There should be no confusion to a C++ programmer: the type of 0 is 'int'.

I'll think a bit more about your other questions.

V
Jul 29 '05 #2

P: n/a
for me it's clear if I call operator[](0), operaor[](size_t) should be
used, but 0 is also a pointer, so there's ambiguos function call if
both operator[](void* or char*) and op[](size_t) are defined.
there's no problem in this case if I do operator[](size_t)0), or
if there's nontemplated version of opearator[](size_t) overload, and
op[] is templated for pointer type (that was my workaround when I had
op[](size_t) and op[](const char*) at the same time and somewhere in
code I had x[0], which gave error (I think both in gcc and vc71); In
that case I rewrote overload for operator[](const char*) as
template<class T>op[](const T*) and it worked)

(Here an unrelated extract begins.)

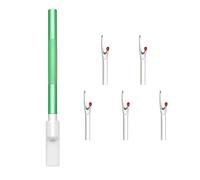 Metal Seam Rippers Thread Remover Stitching Thread Unpicker with Replacement Head Easy to Use Sewing Tool Wire Remover Seam Rippers with Replacement Head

check by adding to x_class:
void operator()(size_t i){ cout << "operator()(size_t)\n"; }
void operator()(const char *i){ cout << "operator()(const char *)\n";
}
then x[0] is compilation error;
if you change op()(const char*) into:
template<class T>void operator()(const T *i){ cout <<
"operator()(const char *)\n"; }
tjen x[0] calls size_t version without errors

Jul 29 '05 #3

P: n/a
__PPS__ wrote:
for me it's clear if I call operator[](0), operaor[](size_t) should be
used,
Why is it clear? '0' is an "int", not a "size_t". 'int' -> 'size_t'
is a standard integral conversion, which has the same rank as the
conversion from '0' to a pointer (13.3.3.1.1/3).
but 0 is also a pointer,
No, it is NOT. It's a literal of type 'int'.
so there's ambiguos function call if
both operator[](void* or char*) and op[](size_t) are defined.
Yes. Integral conversions and pointer conversions have the same rank.
there's no problem in this case if I do operator[](size_t)0), or
if there's nontemplated version of opearator[](size_t) overload, and
op[] is templated for pointer type (that was my workaround when I had
op[](size_t) and op[](const char*) at the same time and somewhere in
code I had x[0], which gave error (I think both in gcc and vc71); In
that case I rewrote overload for operator[](const char*) as
template<class T>op[](const T*) and it worked)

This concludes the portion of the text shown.